→ **WHAT IS NEEDED**:
Look below for the line with "Friday Night In" and the line with "Heavy Metal Music"; repeat exactly those two lines and all lines between them, but no pictures.

→ **MATERIAL FOR THIS EXERCISE**:
§

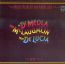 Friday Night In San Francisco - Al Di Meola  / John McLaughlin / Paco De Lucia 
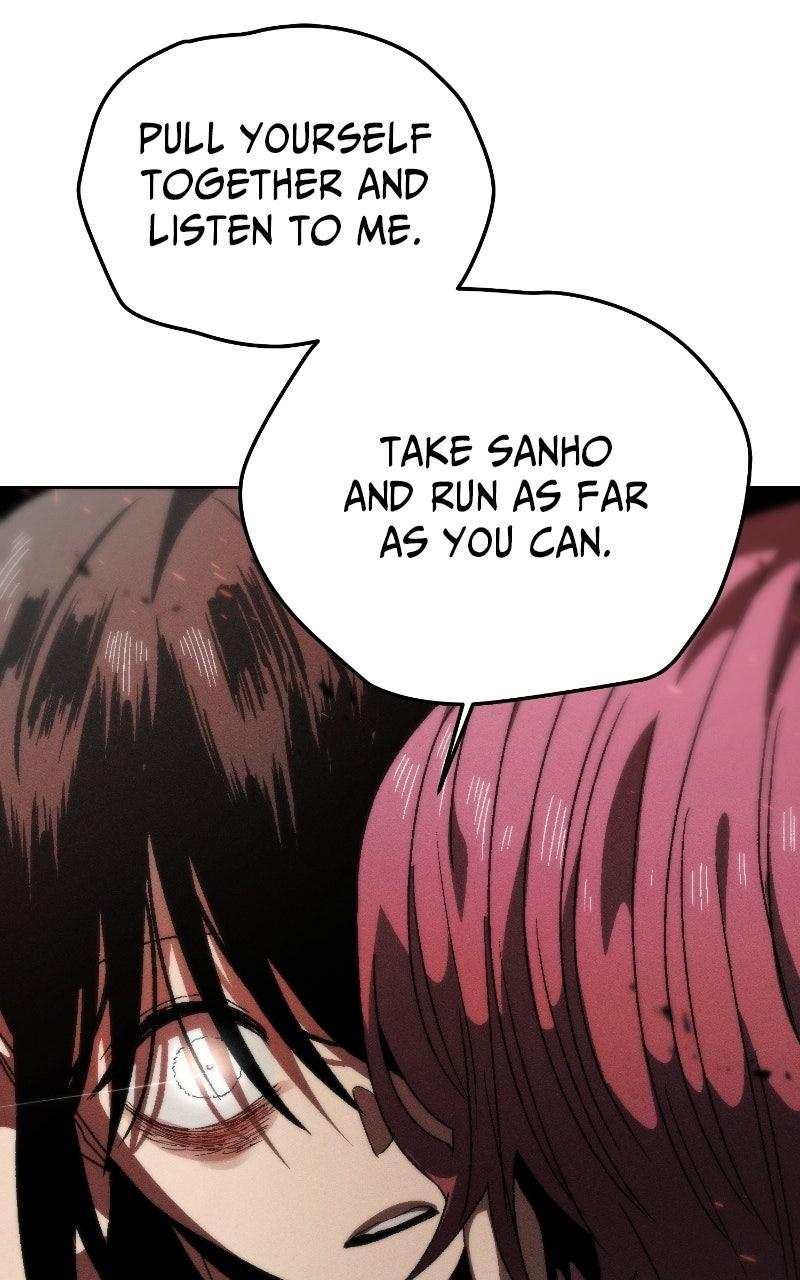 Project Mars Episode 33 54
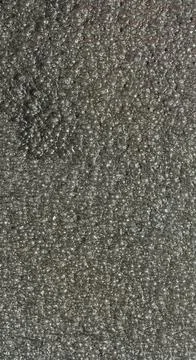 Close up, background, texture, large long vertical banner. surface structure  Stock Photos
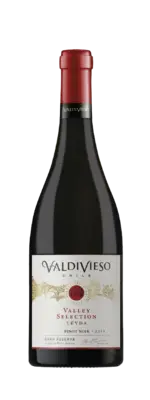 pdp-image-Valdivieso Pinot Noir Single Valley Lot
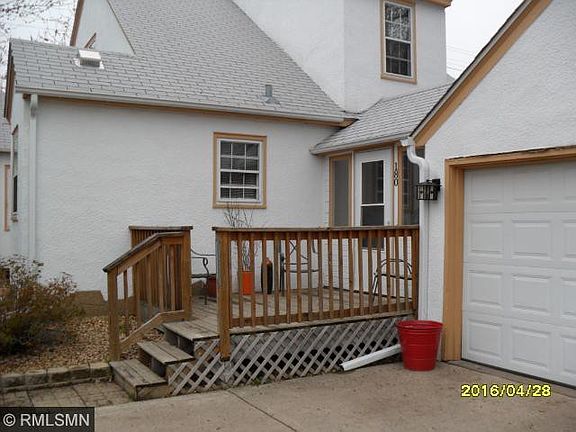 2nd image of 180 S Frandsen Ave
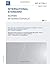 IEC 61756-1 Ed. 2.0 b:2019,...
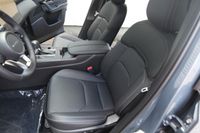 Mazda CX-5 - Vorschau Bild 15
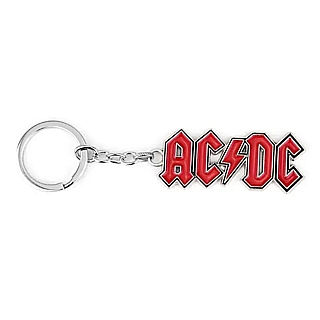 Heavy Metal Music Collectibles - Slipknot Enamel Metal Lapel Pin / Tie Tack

§

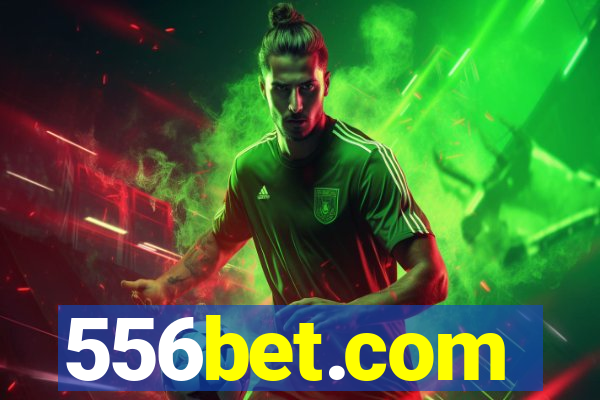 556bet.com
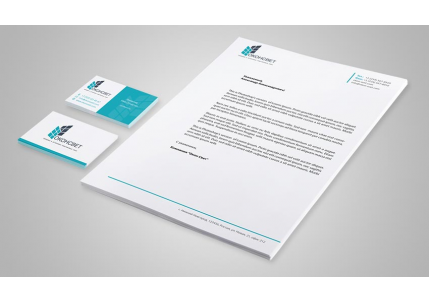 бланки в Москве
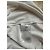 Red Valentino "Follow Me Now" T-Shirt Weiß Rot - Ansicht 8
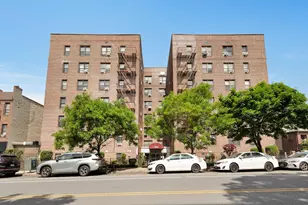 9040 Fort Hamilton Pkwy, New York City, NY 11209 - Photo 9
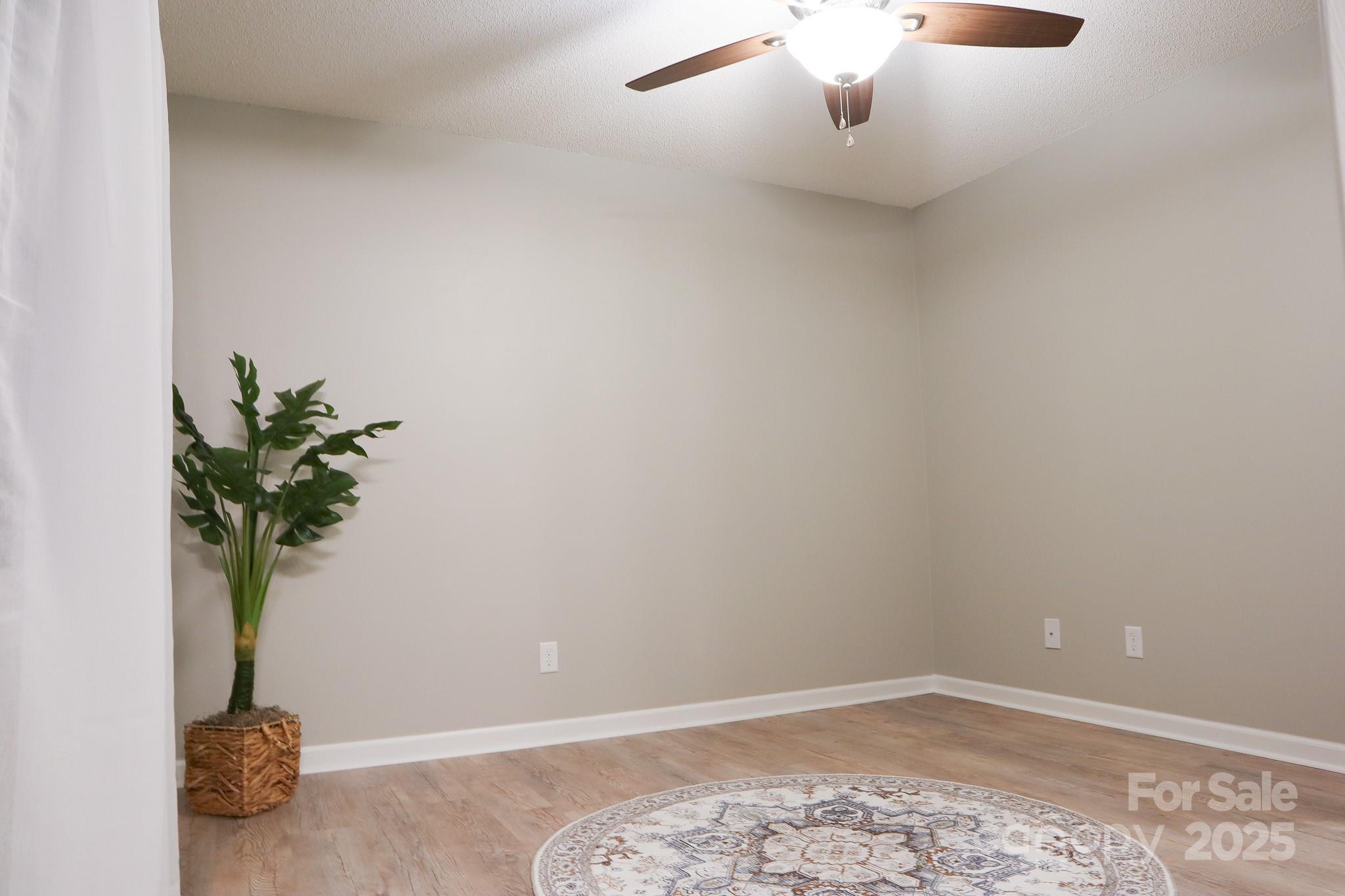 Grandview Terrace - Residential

§

→ **TASK ANSWER**:
 Friday Night In San Francisco - Al Di Meola  / John McLaughlin / Paco De Lucia 
 Project Mars Episode 33 54
 Close up, background, texture, large long vertical banner. surface structure  Stock Photos
 pdp-image-Valdivieso Pinot Noir Single Valley Lot
 2nd image of 180 S Frandsen Ave
 IEC 61756-1 Ed. 2.0 b:2019,...
 Mazda CX-5 - Vorschau Bild 15
 Heavy Metal Music Collectibles - Slipknot Enamel Metal Lapel Pin / Tie Tack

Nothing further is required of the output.